Burn Wise - U.S. EPA Program
Burn Wise - U.S. EPA Program
It's the time of the year to cozy up to a roaring fireplace, but did you know that wood stoves and other wood-burning appliances can produce pollutants that can harm your health.

If you smell smoke inside your home, that’s an alarm that harmful air pollutants are in your home. Wood smoke contains a mixture of air pollutants including microscopic particles. Studies show particle pollution can harm the lungs and heart and even cause early death.

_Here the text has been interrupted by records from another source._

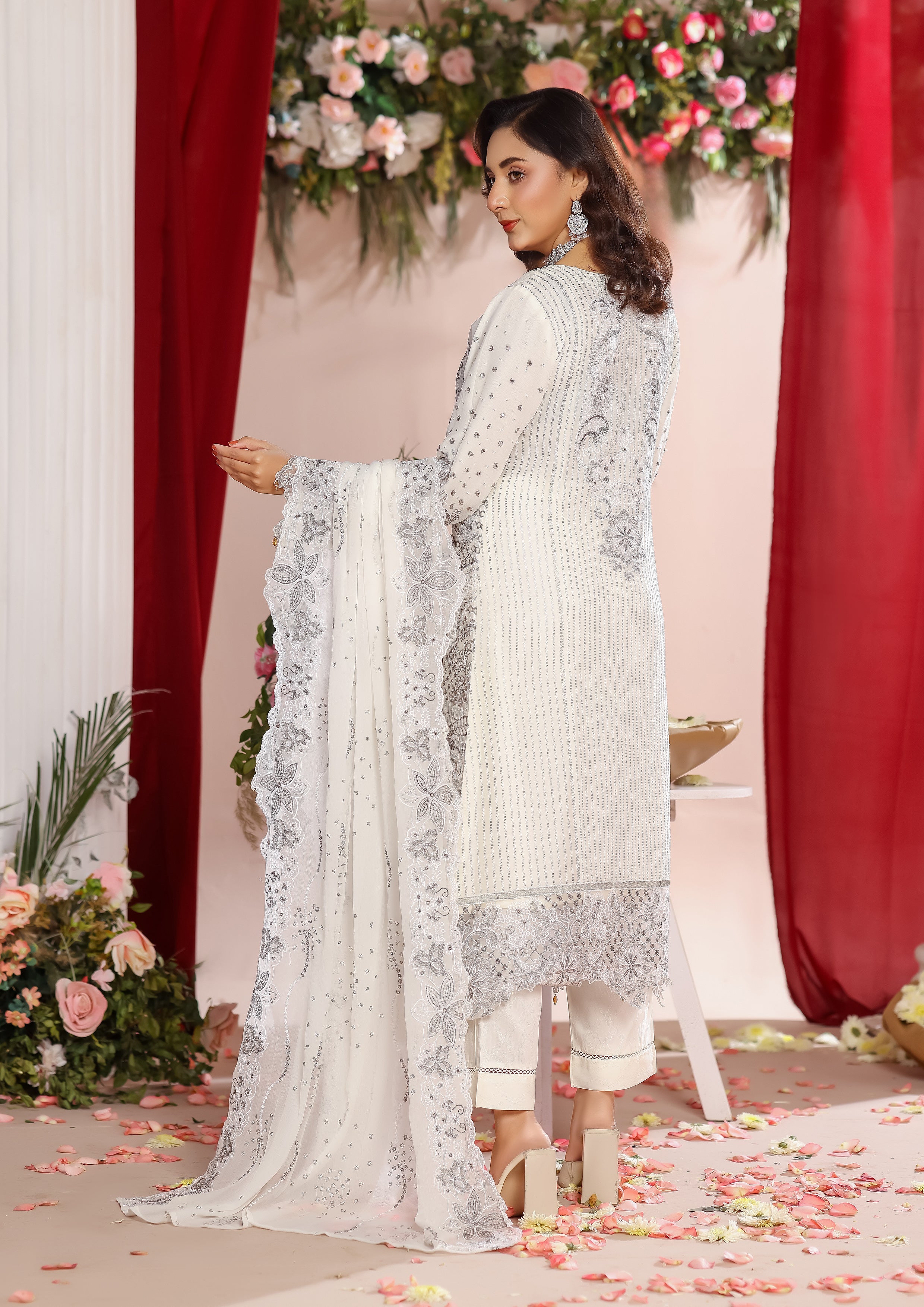 Mizna BN-1029 - 3 Piece Stitched Fancy Heavy Embroidered - Bint-e-Noor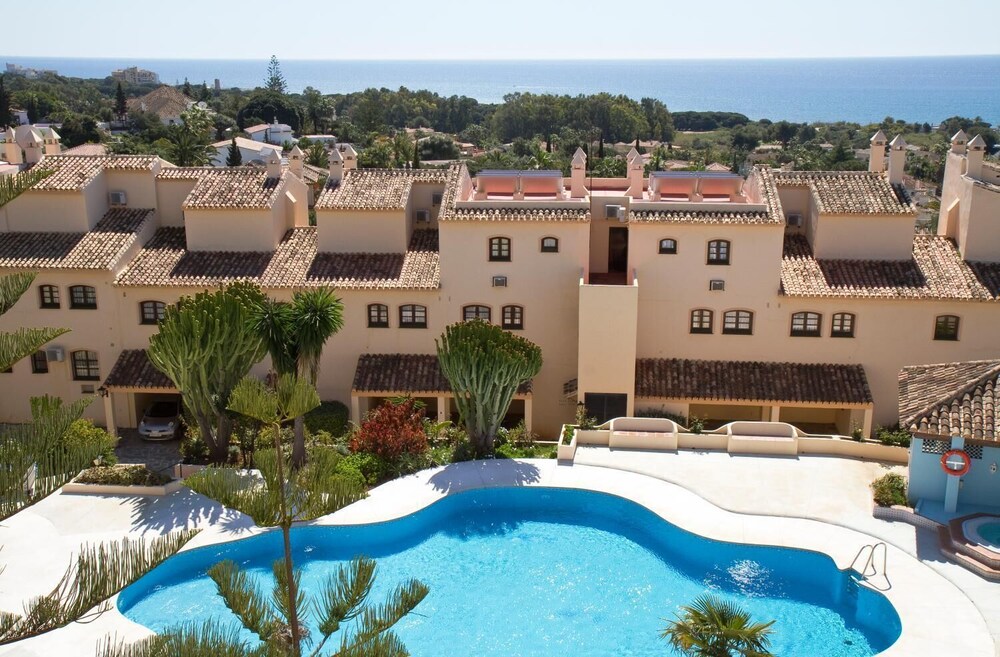 Apartamentos Playa de Toro 1/50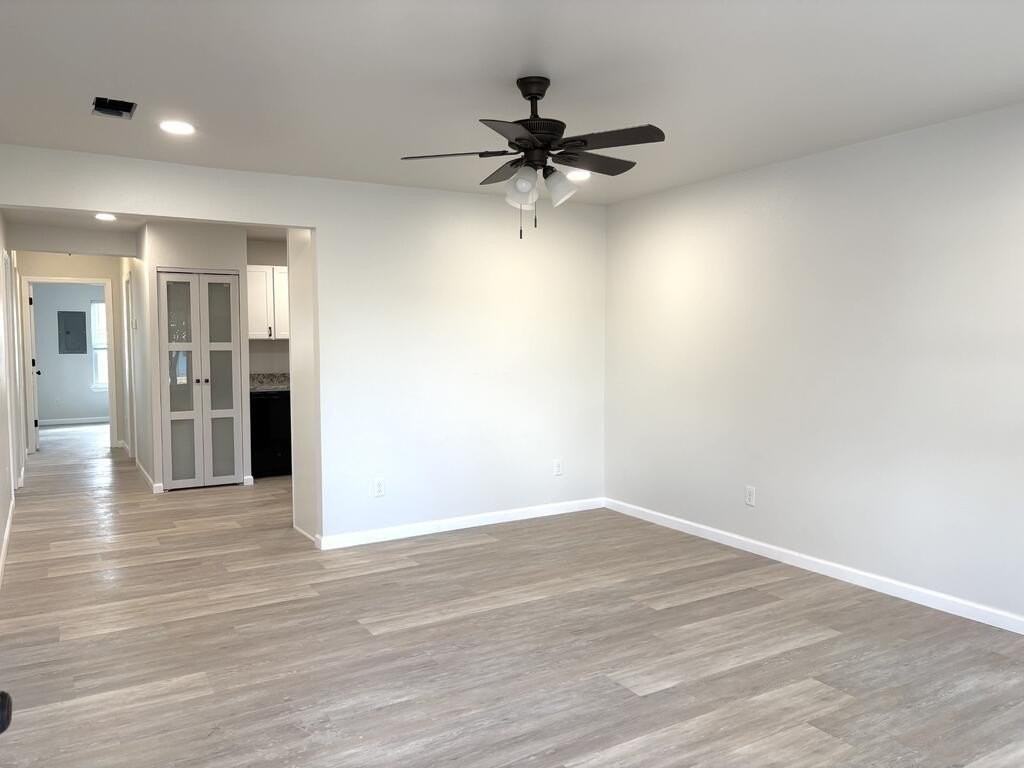 2303 College Ave - Photo 2 of 14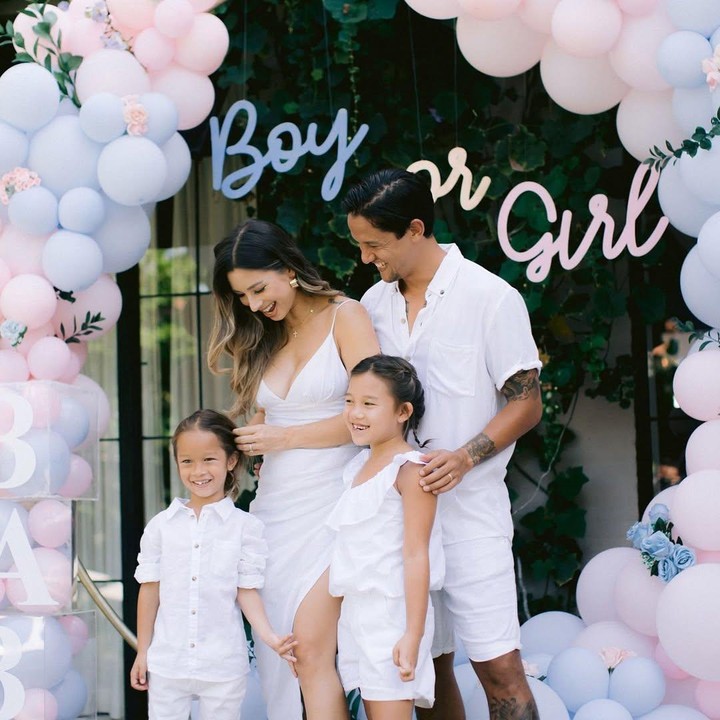 <p>Bunda empat anak Jennifer Bachdim juga memilih tema <em>outdoor</em> untuk<em> gender reveal</em> kehamilan ketiganya pada tahun 2020. Istri Irfan Bachdim ini kompak mengenakan pakaian bernuansa putih di acara ini. Jennifer dan sang suami memilih tempat terbuka di kawasan Bali dengan halaman luas nan hijau. Keduanya juga menggunakan dekorasi yang didominasi balon berwarna merah muda dan biru muda. (Foto: Instagram @ibachdim)</p>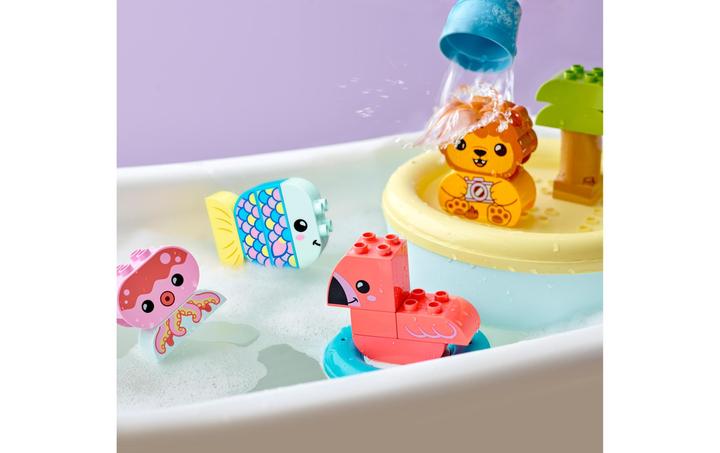 Actual product image LEGO Bathtub fun: Swimming animal island (10966)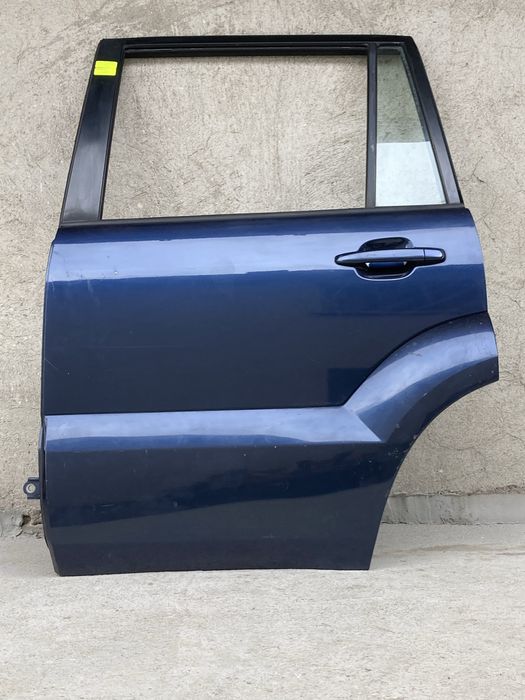 Задна лява врата за тойота ланд крузер/land cruiser J120 03-08г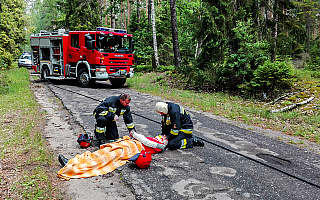 Wypadek motocyklisty i szybka akcja strażaków – FILM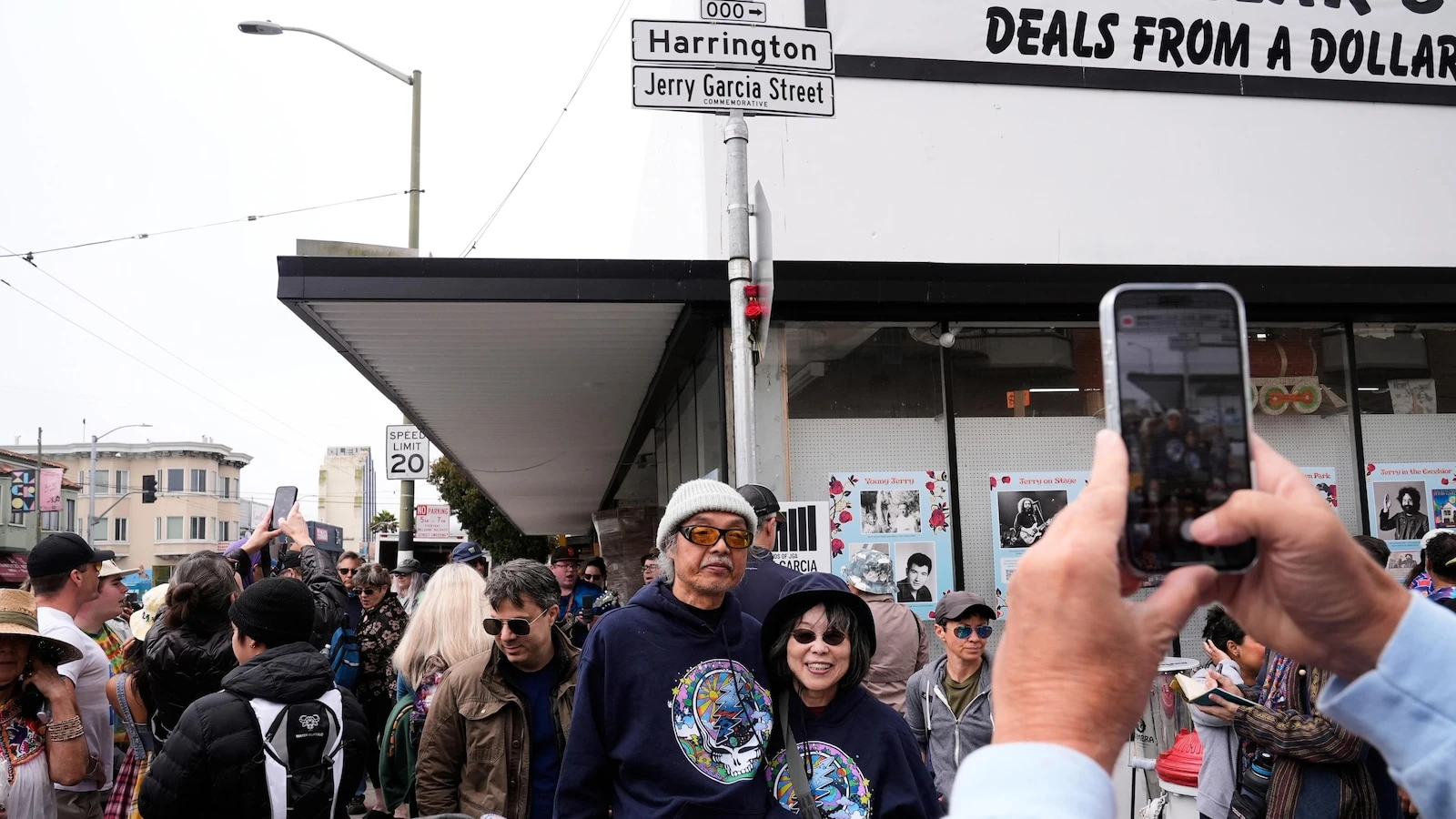 Grateful Dead guitarist Jerry Garcia has childhood street named for him in San Francisco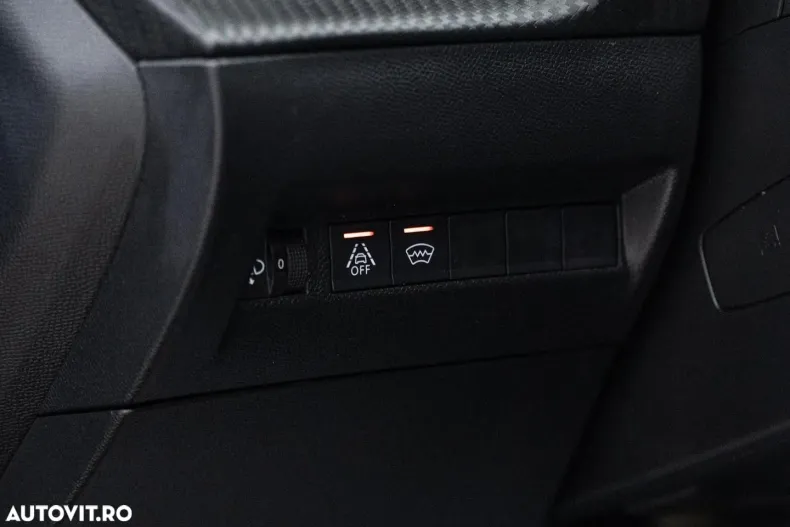 Peugeot 2008 din 2021 cu 172.700 km - oferta PEU195311 - foto 27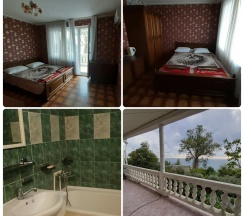 Трехместный номер с кроватью размера "queen-size" с видом на море в Морская звезда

Particle pollution can trigger asthma attacks, impair lung development in children, increase symptoms of COPD and cause coughing, wheezing, and chest tightness. For people with heart disease, particle pollution is linked to heart attacks, irregular heartbeat, heart failure, and stroke. People at greater risk from particle pollution, including wood smoke, are older adults, children and teens, and people with certain health conditions such as heart or lung disease and asthma. Some studies indicate diabetes and obesity may increase the risk. New or expectant mothers may also want to take precautions to protect the health of their babies. Burning the right wood, the right way, in the right wood-burning appliance can reduce harmful air pollution.

Burn the Right Wood
Not all wood is the same. Burn dry, seasoned wood to reduce particle pollution. Softwoods such as Douglas fir need six months to dry and hardwoods such as oak need at least 12 months. Garbage, plastic, treated lumber, and driftwood should never be burned. They emit toxic fumes and particles. Learn how to prepare wood for burning in the Split, Stack, Cover and Store video.

Burn the Right Way
Wet wood is a problem for your health and your pocketbook. It creates a lot of smoke and burns inefficiently, meaning the heat literally goes up in smoke. Buy an inexpensive moisture meter at a hardware store to test the wetness of your wood before burning. Wood should only be used if the moisture content is 20 percent or less.

Burn in the Right Appliance
Like an old car that belches smoke out of the tailpipe, old wood stoves are bad polluters and less efficient. Newer, EPA-certified wood stoves and fireplace inserts (wood stoves designed to fit into a fireplace), reduce air pollutants by 70 percent compared to older models.